**THE TASK**
Only the lines from the one containing "Egyptian Goose (Alopochen" through the end of the material should be printed, exactly as they appear. Leave out pictures.

**DATA SEGMENT**
────────

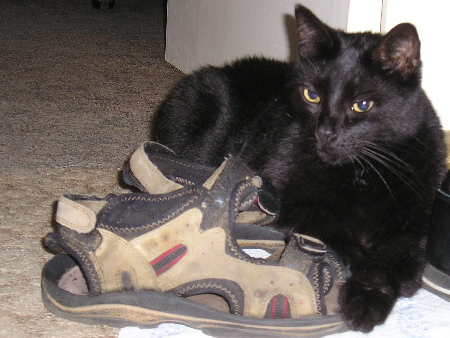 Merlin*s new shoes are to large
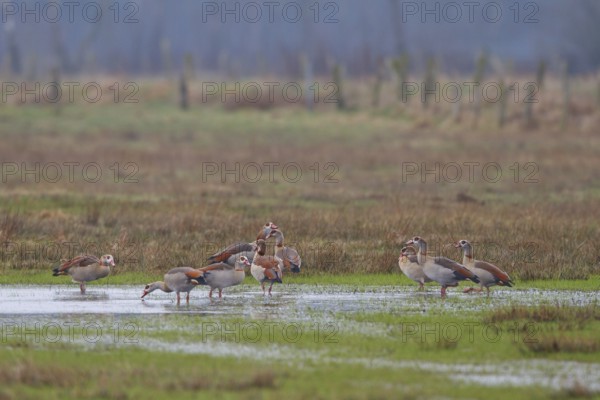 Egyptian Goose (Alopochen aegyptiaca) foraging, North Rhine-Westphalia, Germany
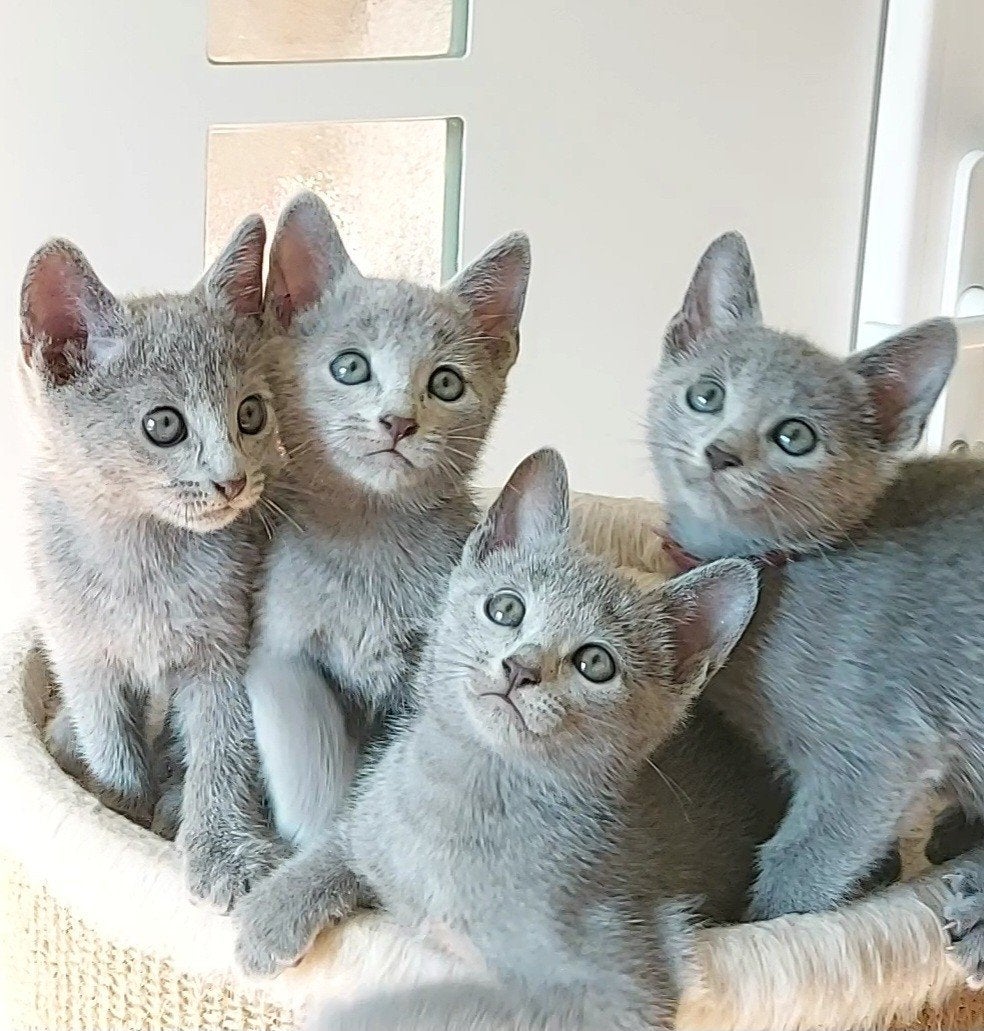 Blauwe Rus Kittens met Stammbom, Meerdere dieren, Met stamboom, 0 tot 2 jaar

────────

**RESPONSE TO THIS EXERCISE**
 Egyptian Goose (Alopochen aegyptiaca) foraging, North Rhine-Westphalia, Germany
 Blauwe Rus Kittens met Stammbom, Meerdere dieren, Met stamboom, 0 tot 2 jaar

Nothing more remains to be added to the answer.